Aux débuts de #Metoo, de nombreux commentateurs ont cru intelligent de relativiser les révélations sur le chantage sexuel dans le cinéma, le journalisme et les femmes en faisant remarquer qu’un certain nombre de femmes avait « bénéficié » (sic) de promotion-canapé.

L’avocat d’Harvey Weinstein a défendu son client en arguant que le système de promotion-canapé mis en place par Harvey Weinstein ne relevait pas de la violence sexuelle.1« Affaire Weinstein: La «promotion canapé» n’est pas du «viol» selon l’avocat du producteur », 20 Minutes, 3 mars 2018

Promotion-canapé et biais des survivants

Le fait de parler de promotion-canapé ne provient pas forcément d’une volonté de propagande misogyne, mais trouve aussi souvent racine dans un défaut d’information lié au biais des survivants. Le biais des survivants est une forme de biais de sélection consistant à surévaluer les chances de succès d’une initiative en concentrant l’attention sur les sujets ayant réussi mais qui sont des exceptions statistiques (des « survivants ») plutôt que des cas représentatifs. Par exemple, dans le cas du chantage sexuel dans le monde du cinéma, on ne verra pas les milliers de femmes évincées professionellement du fait de leur refus sexuel, puisque celles-ci n’obtiennent pas de rôles qui les rendent célèbres, et on ne verra que les femmes qui ont « couché pour réussir ». A cause du biais du survivant, on se focalisera davantage sur la réussite des quelques unes qui ont cédé au chantage sexuel que sur la masse de femmes placardisées pour ne pas avoir refusé ce chantage.

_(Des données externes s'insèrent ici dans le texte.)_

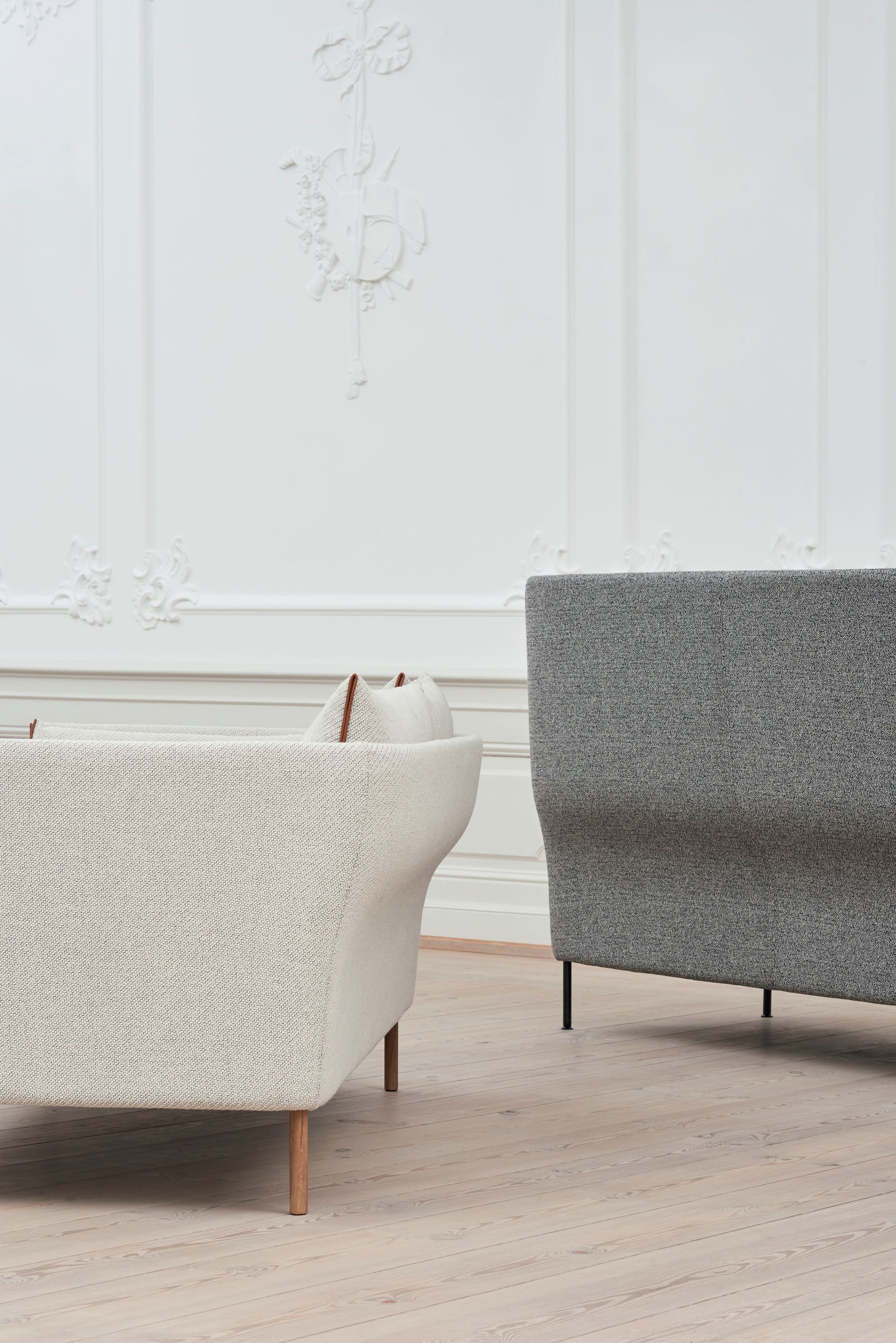 2-местный диван с высокой спинкой Hay силуэт ARCH-00103707 - Вид №25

En comprenant ce biais de sélection, on comprend mieux en quoi il est irrationnel de reprocher aux accusatrices de #MeToo de « ne parler que maintenant » ou d’avoir « elles-mêmes bénéficié de promotion-canapé ». Afin d’obtenir une stabilité professionnelle et un poids médiatique leur permettant de dénoncer le chantage sexuel, de nombreuses femmes sont contraintes de se taire le temps de lancer leur carrière, voire de se plier au chantage.